• _Instructions to follow_: Please print, exactly as written, the line containing "African Lace Fabric" and each line after it through the end of the material; pictures stay out.

• _The data_:
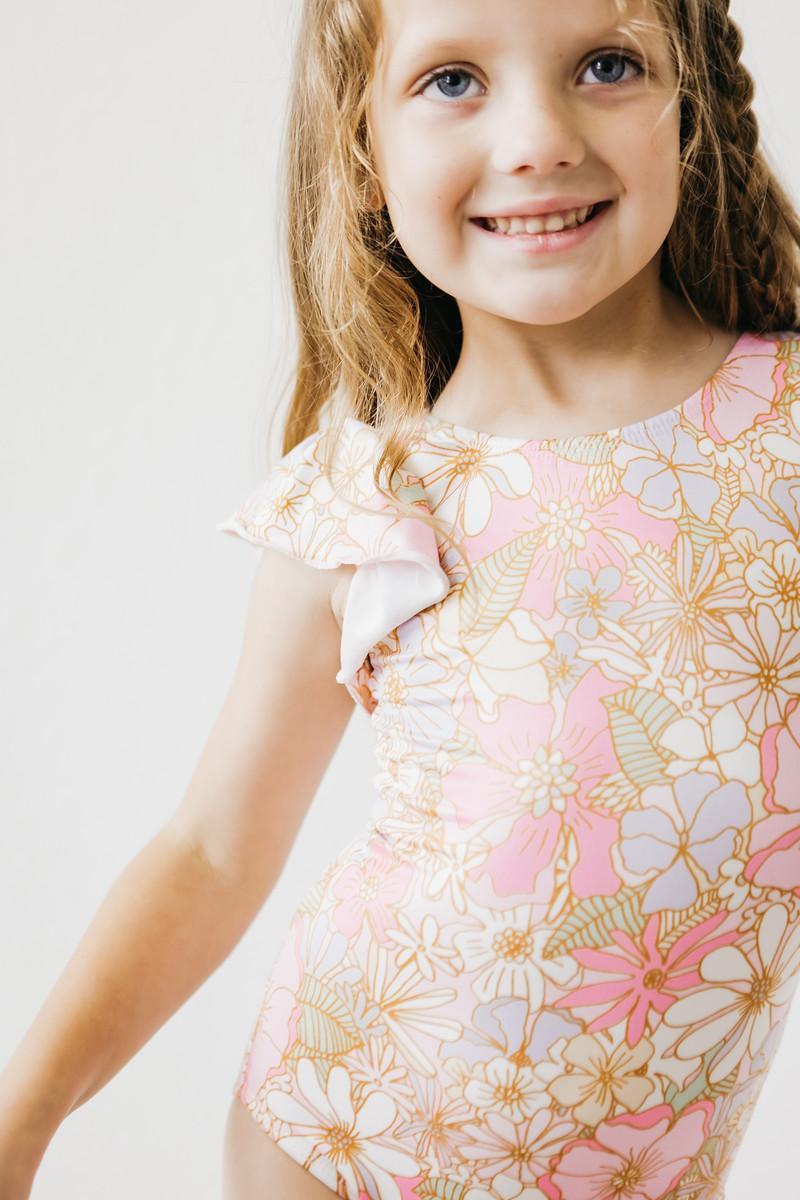 What's Up Buttercup Short Sleeve Flutter Sleeve Leotard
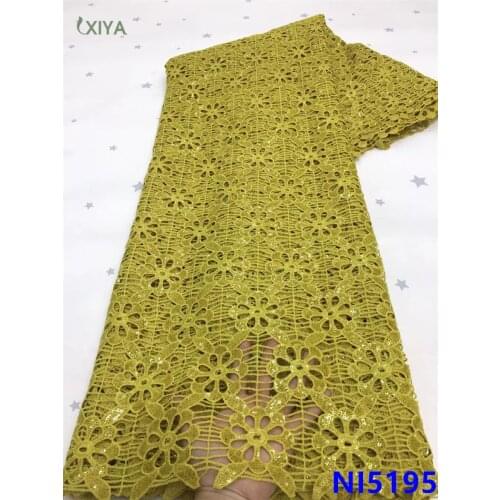 African Lace Fabric New Arrivals Guipure Lace with Sequins Embroiderey Cord Lace Fabric High Quality Nigeria Lace Fabric NI5195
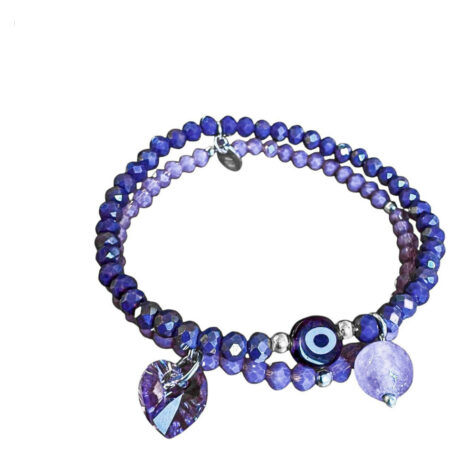 Set 2 Pulseras Ojo Turco Plata 925 Cristal Protección Agálea Morada 17 Cm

• _Task solution_:
 African Lace Fabric New Arrivals Guipure Lace with Sequins Embroiderey Cord Lace Fabric High Quality Nigeria Lace Fabric NI5195
 Set 2 Pulseras Ojo Turco Plata 925 Cristal Protección Agálea Morada 17 Cm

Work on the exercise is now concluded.